[DATA LISTING]

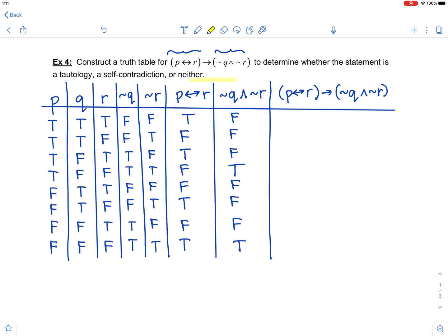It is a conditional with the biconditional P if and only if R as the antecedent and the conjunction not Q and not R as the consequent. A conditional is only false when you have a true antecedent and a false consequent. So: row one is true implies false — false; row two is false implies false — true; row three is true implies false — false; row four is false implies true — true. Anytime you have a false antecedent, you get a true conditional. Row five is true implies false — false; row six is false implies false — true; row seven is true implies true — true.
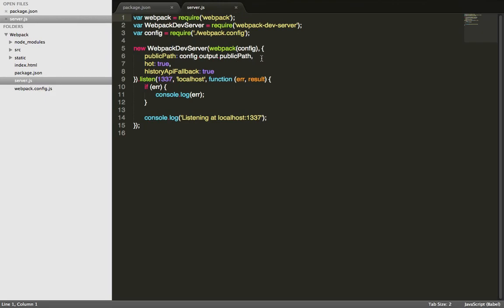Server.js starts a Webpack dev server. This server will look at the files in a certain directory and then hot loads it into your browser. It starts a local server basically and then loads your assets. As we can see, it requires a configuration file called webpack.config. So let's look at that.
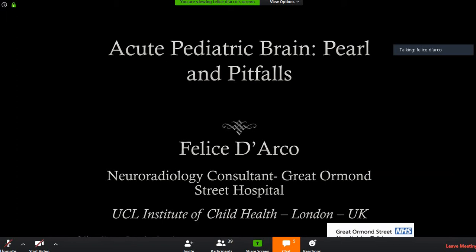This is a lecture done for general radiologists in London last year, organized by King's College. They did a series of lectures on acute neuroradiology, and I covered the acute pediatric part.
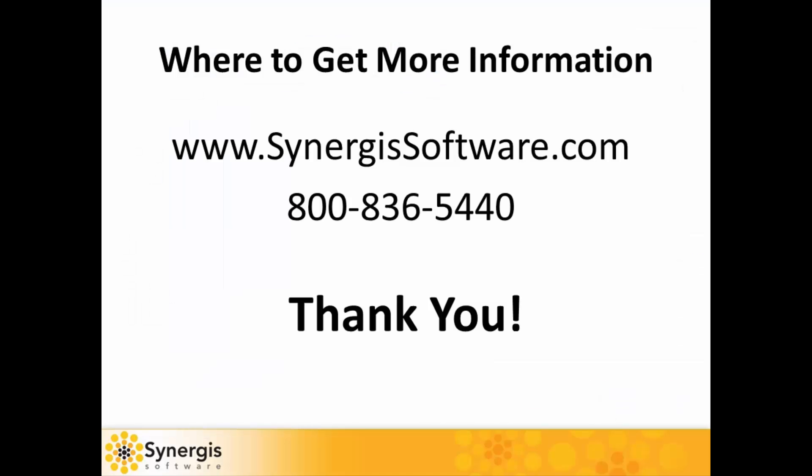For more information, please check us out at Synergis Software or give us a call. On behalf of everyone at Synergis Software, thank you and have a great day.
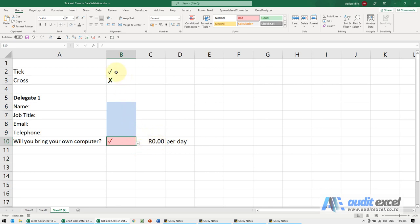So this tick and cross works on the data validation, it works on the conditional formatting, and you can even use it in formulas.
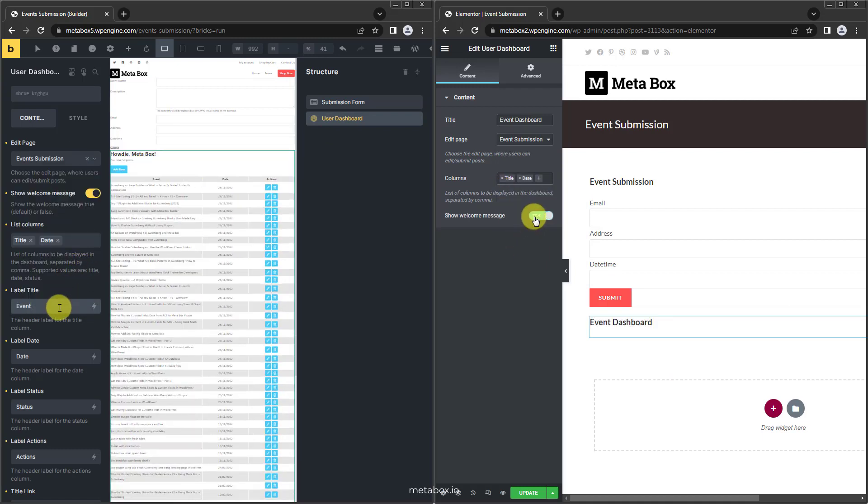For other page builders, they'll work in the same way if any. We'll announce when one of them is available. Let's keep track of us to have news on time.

[EXERCISE]
Leave the pictures out and print the whole listing precisely.

[OUTPUT]
It is a conditional with the biconditional P if and only if R as the antecedent and the conjunction not Q and not R as the consequent. A conditional is only false when you have a true antecedent and a false consequent. So: row one is true implies false — false; row two is false implies false — true; row three is true implies false — false; row four is false implies true — true. Anytime you have a false antecedent, you get a true conditional. Row five is true implies false — false; row six is false implies false — true; row seven is true implies true — true.
Server.js starts a Webpack dev server. This server will look at the files in a certain directory and then hot loads it into your browser. It starts a local server basically and then loads your assets. As we can see, it requires a configuration file called webpack.config. So let's look at that.
This is a lecture done for general radiologists in London last year, organized by King's College. They did a series of lectures on acute neuroradiology, and I covered the acute pediatric part.
For more information, please check us out at Synergis Software or give us a call. On behalf of everyone at Synergis Software, thank you and have a great day.
So this tick and cross works on the data validation, it works on the conditional formatting, and you can even use it in formulas.
For other page builders, they'll work in the same way if any. We'll announce when one of them is available. Let's keep track of us to have news on time.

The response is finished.